# Going on vacation... Where to house bunny?



## cmerfalen (Jan 4, 2012)

Hi All,

I just wanted to get everyones opinion or insight on this. We are going on vacation for a week and we have to leave our rabbit at home. In the past my parents took care of him when we went on vacation They would come over and take him out for a few hours each day, but this time they will be coming with us. So I have no clue what's best for Dopey now. Which out of the following options would be best?

1) Board him at our vet, where he will be kept in his own indivdial cage? Vet technicians would check on him throught out the day and I believe they take him out a little to play with him. But he will be kept in the cat ward. I'm worried that he will get stressed out from being in an unknown enviroment with other animals (he's our only pet). 

2) Hire a pet sitter who will come to the house once a day to feed him, check on him, and take him out for 30 mins of playtime? Or i can pay a little more for 60 mins of playtime. But he will be in a dark and quiet apartment all by himself when the sitter is not there.

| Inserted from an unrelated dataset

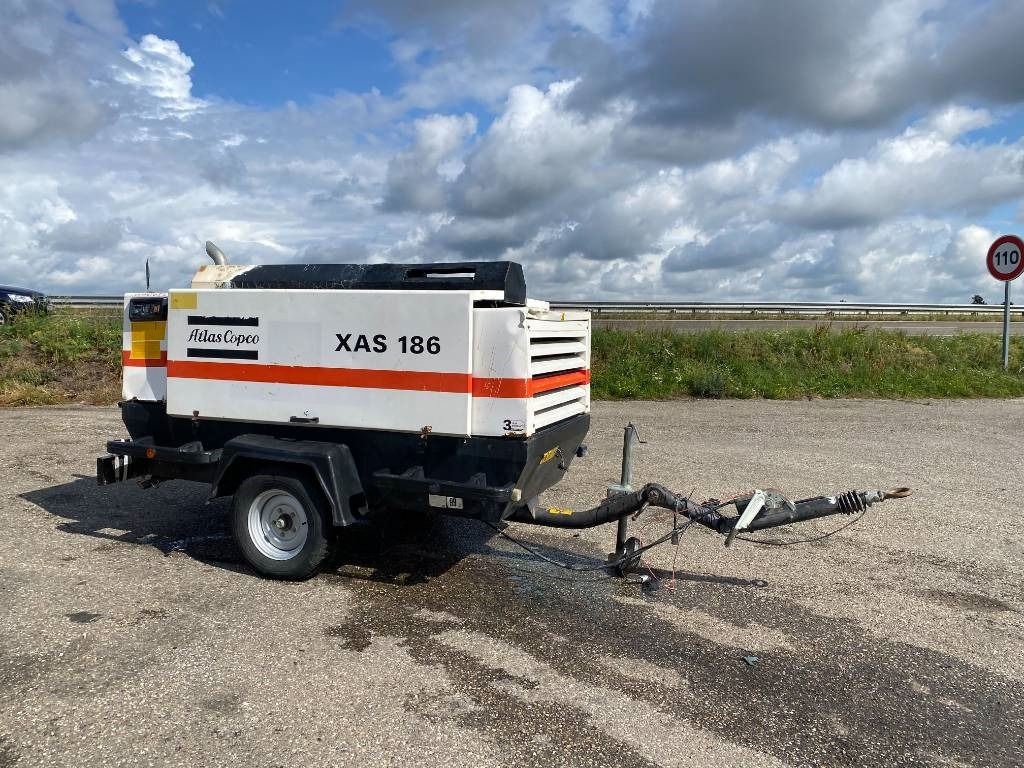 Atlas Copco XAS186DD Euro/Box Certificat CE endommagé - ضاغط هوائي: صورة 3 Atlas Copco XAS186DD Euro/Box Certificat CE endommagé - ضاغط هوائي: صورة 3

3) Ask a friend or family member if he can stay at their house? So this way he would atleast be around people. But he would stay in his cage the whole time (24x24x46). No one has experience of taking care of a rabbit and they don't know how to pick him up. 

4) Any other suggestions?

Also, for options 2&3 I would have to leave care instructions. Like what signs to look out for if he gets sick and how to care for him if he does, or where to take him in case it can't be solved.

I'm honestly stressing out becuase this is our first time leaving him completely alone. And I want to make sure he's well taken care of... I just dont't want him to feel like we abandoned him and I dont't want him to get stressed out either. 

Any feedback would be greatly appreciated.

Thank you!!! 

I'm worried that Dopey will get stressed out


----------



## Watermelons (Jan 4, 2012)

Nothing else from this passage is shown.